The motion of self-propelled particles is modeled as a persistent random walk. An analytical framework is developed that allows the derivation of exact expressions for the time evolution of arbitrary moments of the persistent walk's displacement. It is shown that the interplay of step length and turning angle distributions and self-propulsion produces various signs of anomalous diffusion at short time scales and asymptotically a normal diffusion behavior with a broad range of diffusion coefficients. The crossover from the anomalous short-time behavior to the asymptotic diffusion regime is studied and the parameter dependencies of the crossover time are discussed. Higher moments of the displacement distribution are calculated and analytical expressions for the time evolution of the skewness and the kurtosis of the distribution are presented.

Anomalous diffusion of self-propelled particles in directed random environments.

We theoretically study the transport properties of self-propelled particles on complex structures, such as motor proteins on filament networks. A general master equation formalism is developed to investigate the persistent motion of individual random walkers, which enables us to identify the contributions of key parameters: the motor processivity, and the anisotropy and heterogeneity of the underlying network. We prove the existence of different dynamical regimes of anomalous motion, and that the crossover times between these regimes as well as the asymptotic diffusion coefficient can be increased by several orders of magnitude within biologically relevant control parameter ranges. In terms of motion in continuous space, the interplay between stepping strategy and persistency of the walker is established as a source of anomalous diffusion at short and intermediate time scales.

Theoretical modeling of aging effects in microtubule dynamics.

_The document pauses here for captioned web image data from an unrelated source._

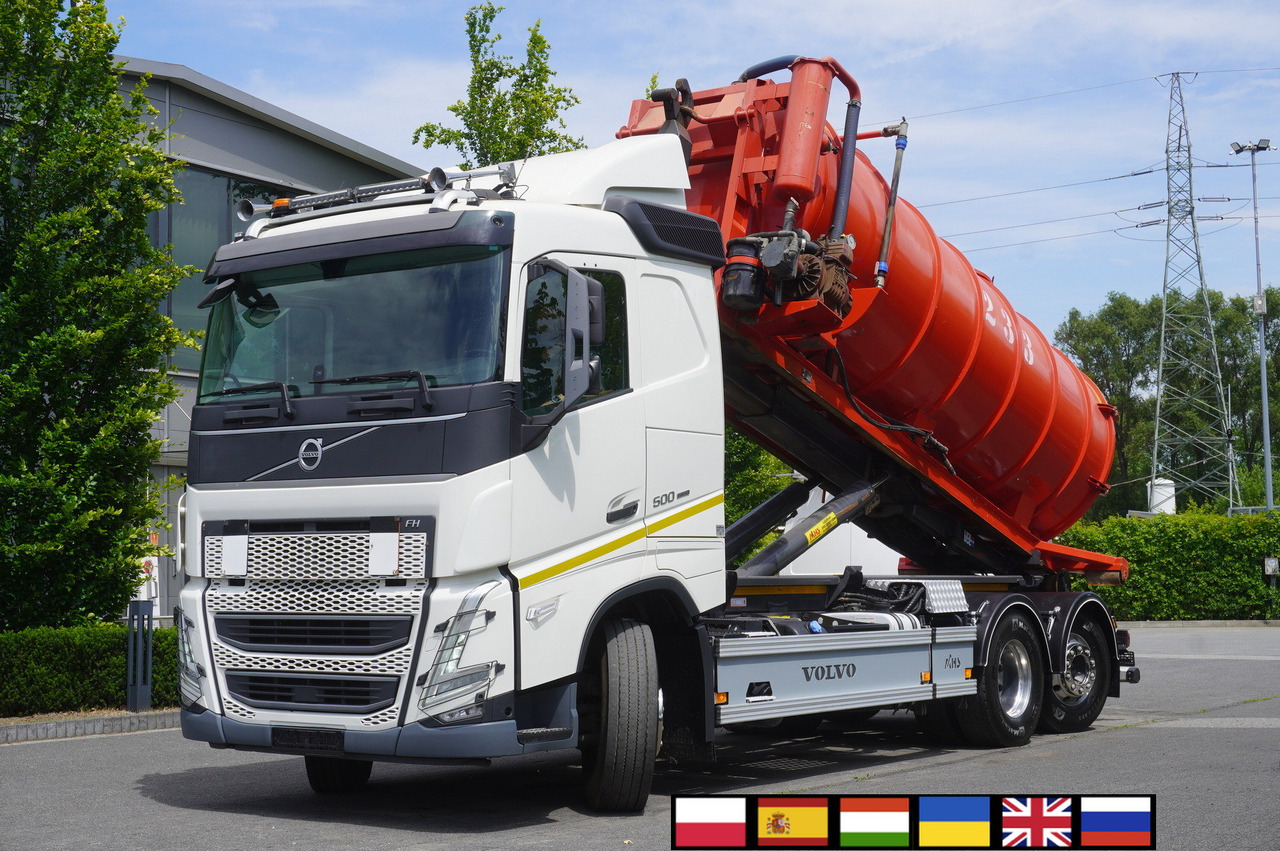 VOLVO Volvo FH 500 / Septic barrel 13000 l / Hook lift 21 t / 2022 / 3rd axle steered / 2 units - Цистерна за течен тор: снимка 1 VOLVO Volvo FH 500 / Septic barrel 13000 l / Hook lift 21 t / 2022 / 3rd axle steered / 2 units - Цистерна за течен тор: снимка 1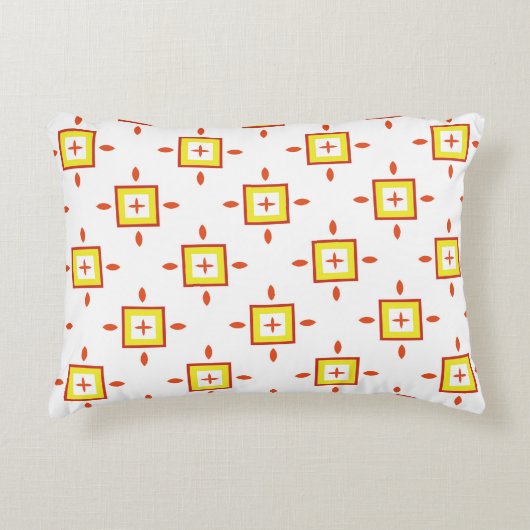 Seamless pattern with squares Abstract background  アクセントクッション (正面)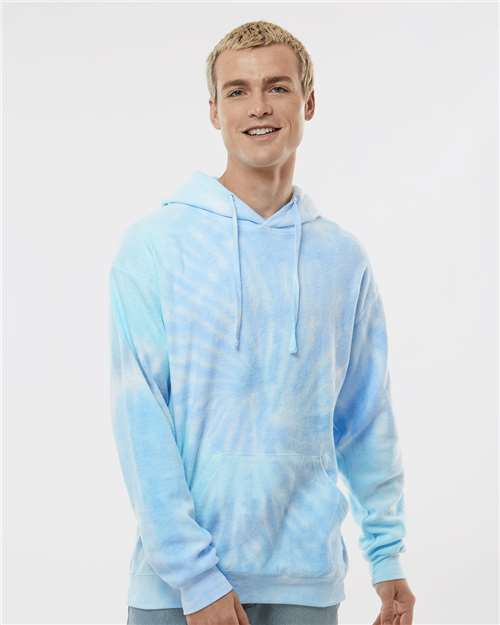 Colortone Unisex Tie-Dyed Cloud Fleece Hooded Sweatshirt 8600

The microtubule (MT) network, an important part of the cytoskeleton, is constantly remodeled by alternating phases of growth and shrinkage of individual filaments. Plus-end tracking proteins (+TIPs) interact with the MT and in many cases alter its dynamics. Although it is established that some +TIPs modify MT dynamics by increasing rescues, the plus-end tracking mechanism is still under debate. We present a model for MT dynamics in which a rescue factor is dynamically added to the filament during growth. As a consequence, the filament shows aging behavior that should be experimentally accessible and thus allow one to exclude some hypothesized models regarding the inclusion of rescue factors at the MT plus end. This result is not limited to +TIPs and can be extended to any kind of mechanism shifting the parameters of dynamic instability. Additionally, we show that the cell geometry has a strong influence on the quantitative results.

Boundary-induced orientation of dynamic filament networks and vesicle agglomerations.

We find a statistical mechanism that can adjust orientations of intracellular filaments to cell geometry in the absence of organizing centers. The effect is based on random and isotropic filament (de-)polymerization dynamics and is independent of filament interactions and explicit regulation. It can be understood by an analogy to electrostatics and appears to be induced by the confining boundaries; for periodic boundary conditions, no orientational bias emerges. Including active transport of particles, the model reproduces experimental observations of vesicle accumulations in transected axons.